USA

In a presentation critical to the Bush administration's policy on Iraq, Secretary of State Powell goes before the UN Security Council Wednesday with newly declassified intelligence data, seeking to persuade skeptical members that the Baghdad government has flouted the order to disarm and has links to Al Qaeda. A bipartisan group of House and Senate leaders, some of whom support calls for more time for UN inspections, will be given a private briefing on the materials, which reportedly include photographs of mobile bioweapons labs.

The president, first lady, and members of Congress joined 10,000 other people at a memorial for the shuttle Columbia astronauts in Houston. Recovery teams, meanwhile, excavated what is believed to be the spacecraft's nose cone near Hemphill, Texas, and searched the a nearby reservoir for a truck-sized object seen falling Saturday. Wreckage is being sent to Barksdale Air Force Base in Louisiana and a military base in Fort Worth for study.

North Korea's nuclear ambitions were the focus, as Secretary Powell and National Security Adviser Condoleezza Rice held separate meetings with visiting South Korean envoy Chyung Dai-chul. The adviser to South Korea's president-elect has already met with Defense Secretary Rumsfeld, who is weighing whether to deploy long-range bombers and surveillance aircraft to the region.

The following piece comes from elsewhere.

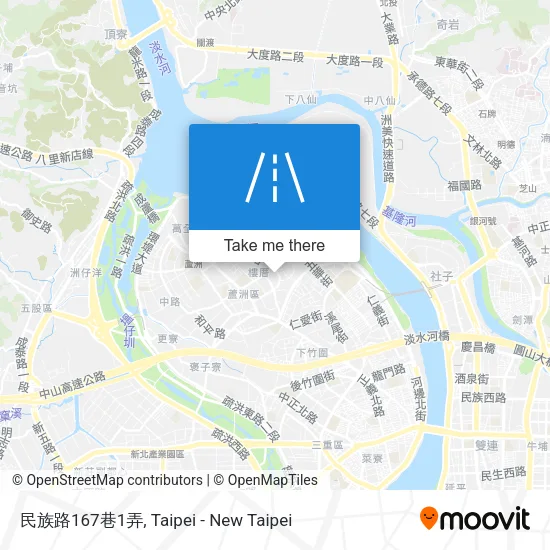民族路167巷1弄地圖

Famous 1960s-era music producer Phil Spector was arrested in connection with the death of a woman at his mansion in Alhambra, Calif., then freed on $1 million bail. Police responding Monday to a report of gunfire inside the home found the remains and, reportedly, a gun. Spector has hired attorney Robert Shapiro of O.J. Simpson trial fame.

Car and truck sales slid an average of almost 2 percent last month, major automakers reported. That was less than some analysts had expected. Sales of General Motors vehicles fell 2.5 percent from last year, Chrysler's by 12 percent, Toyota 6 percent, and Volkswagen about 17 percent; Ford and Honda posted increases.

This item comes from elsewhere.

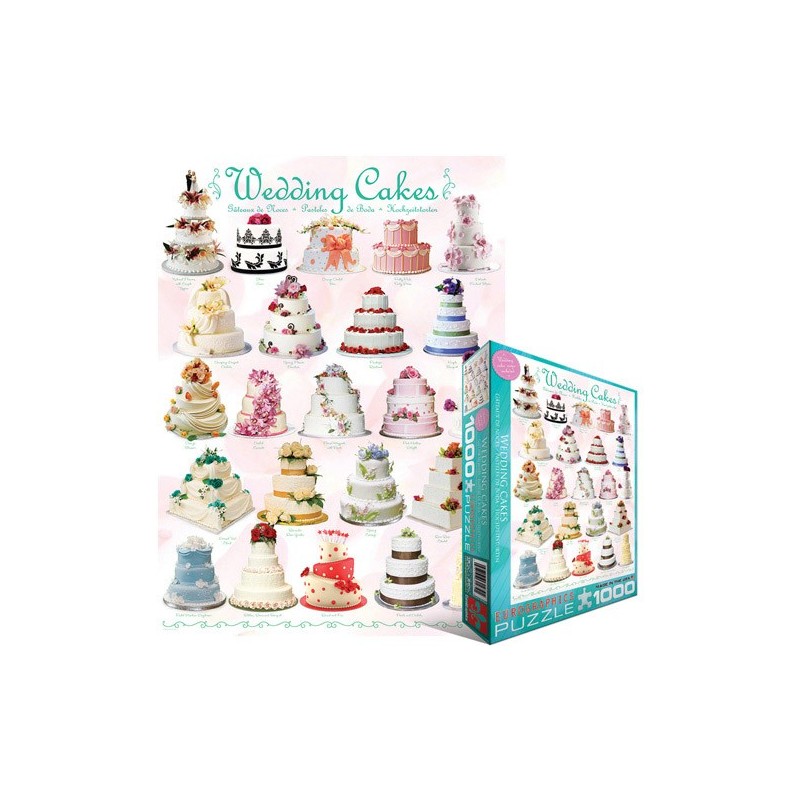 Puzzle Eurographics - Hochzeitstorte,...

In the best showing by major US airlines since 1995, flights arrived on schedule or close to it 82 percent of the time last year, the Transportation Security Administration reported. It also said passenger complaints fell by 43 percent. Balancing that, however, was the fact that many of them have cut flights, thus reducing congestion.

A controversial crow-hunting tournament in Auburn, N.Y., ended with 380 dead birds and four arrests. Animal rights activists from as far away as Illinois protested the event. In their defense, some hunters said they acted as conservationists, since crows prey on the eggs of other birds.